• **DATA FOR THE TASK**:
*** Block opens ***
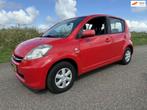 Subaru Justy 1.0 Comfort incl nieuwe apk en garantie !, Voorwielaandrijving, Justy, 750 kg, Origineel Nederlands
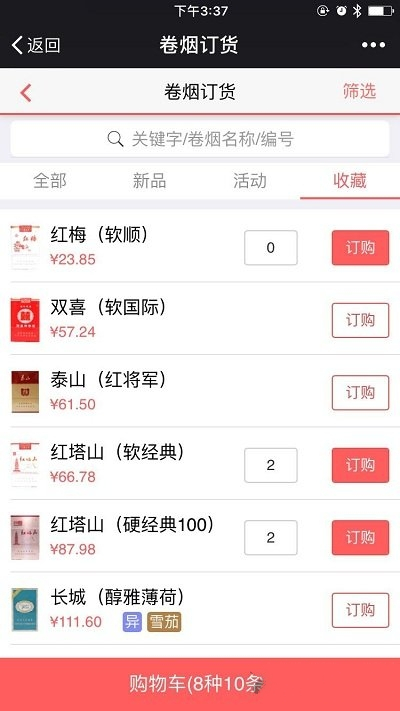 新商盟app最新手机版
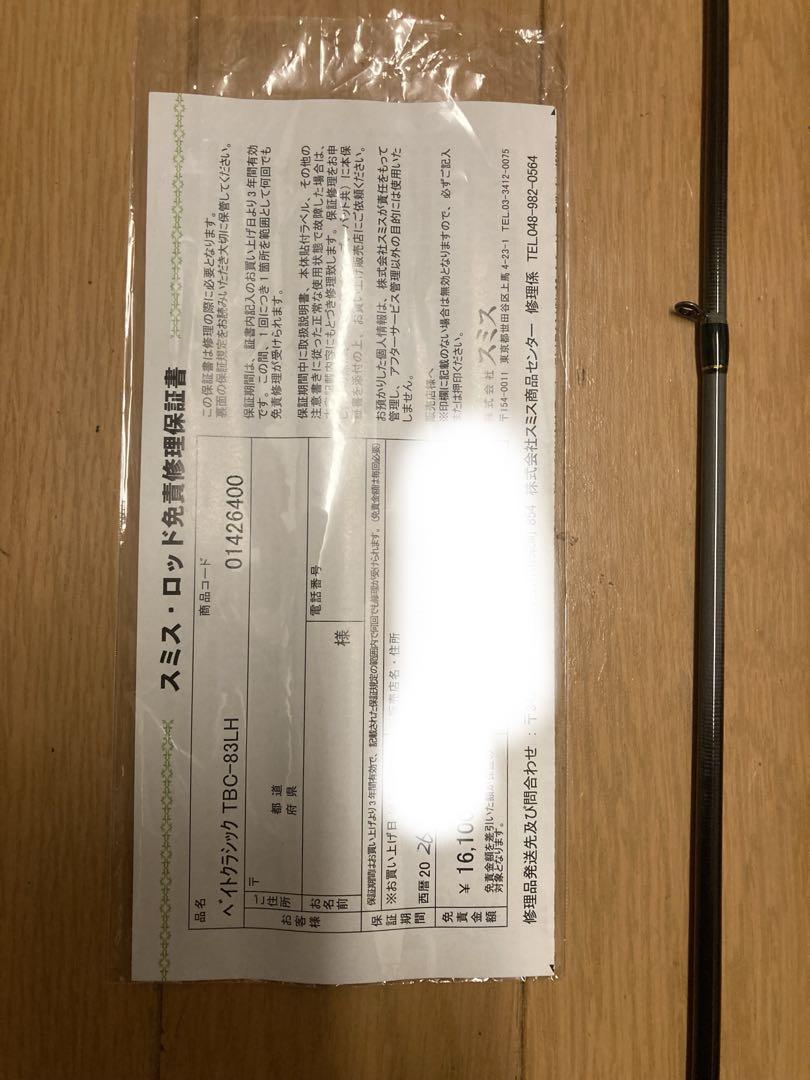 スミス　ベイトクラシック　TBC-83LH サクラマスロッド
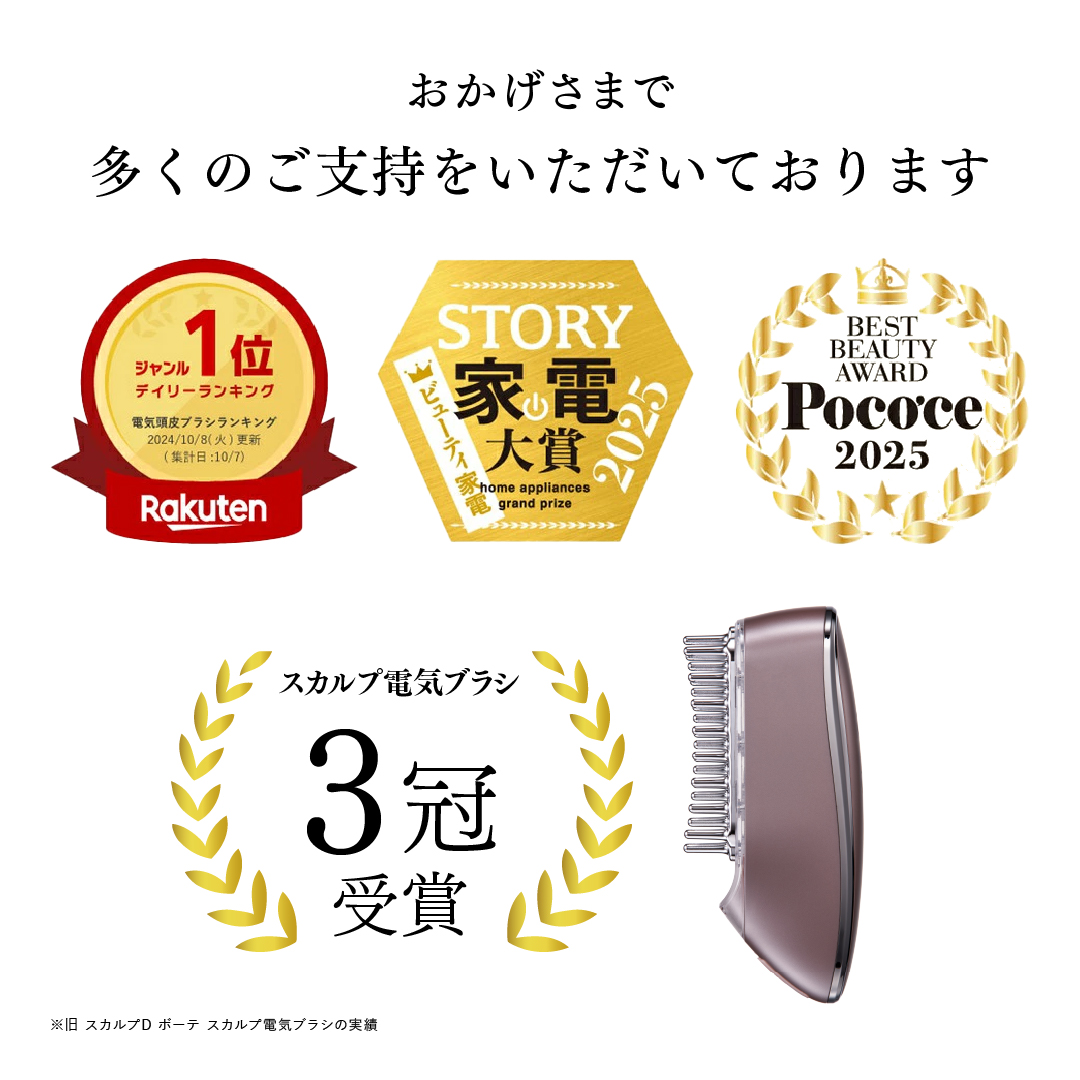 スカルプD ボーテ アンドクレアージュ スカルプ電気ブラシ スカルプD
*** Block closes ***
*** Block opens ***
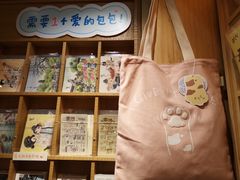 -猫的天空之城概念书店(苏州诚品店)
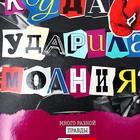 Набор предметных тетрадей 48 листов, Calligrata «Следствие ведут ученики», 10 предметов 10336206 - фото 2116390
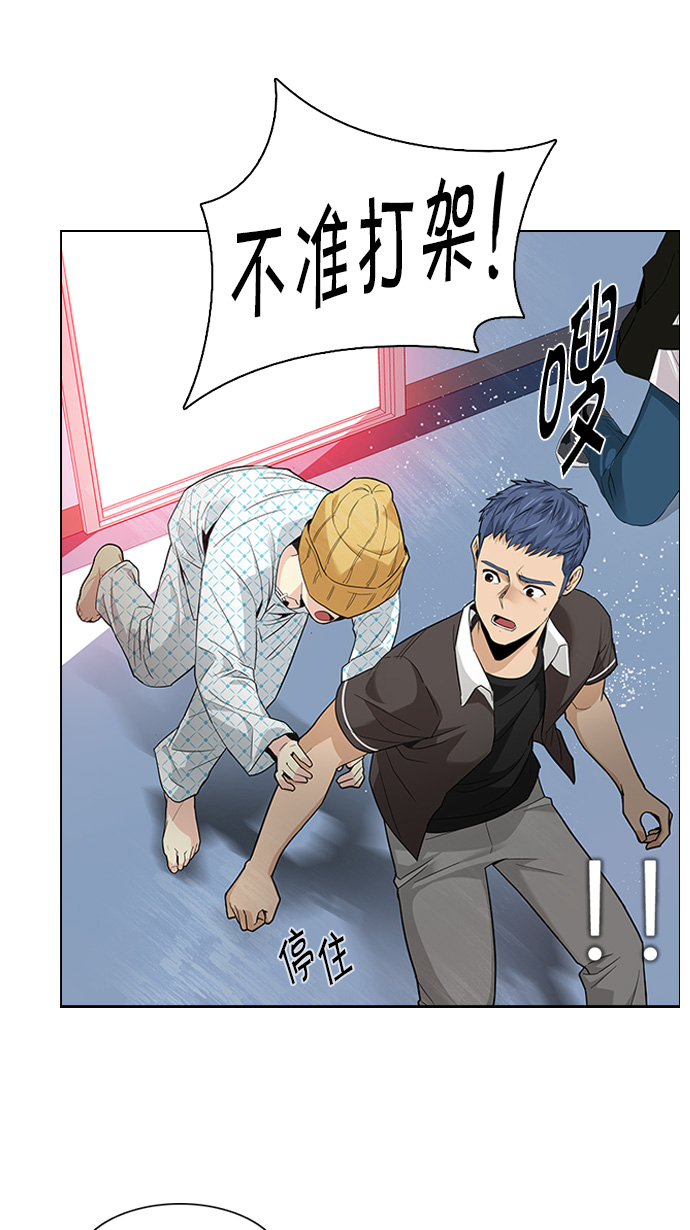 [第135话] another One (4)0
*** Block closes ***
• **THE PROBLEM**: What are the lines in the records above, word for word, from the one containing "スミス　ベイトクラシック　TBC-83LH サクラマスロッド" through the one containing "スカルプD ボーテ アンドクレアージュ スカルプ電気ブラシ スカルプD", both ends included and pictures left out?

• **RESPONSE**:
 スミス　ベイトクラシック　TBC-83LH サクラマスロッド
 スカルプD ボーテ アンドクレアージュ スカルプ電気ブラシ スカルプD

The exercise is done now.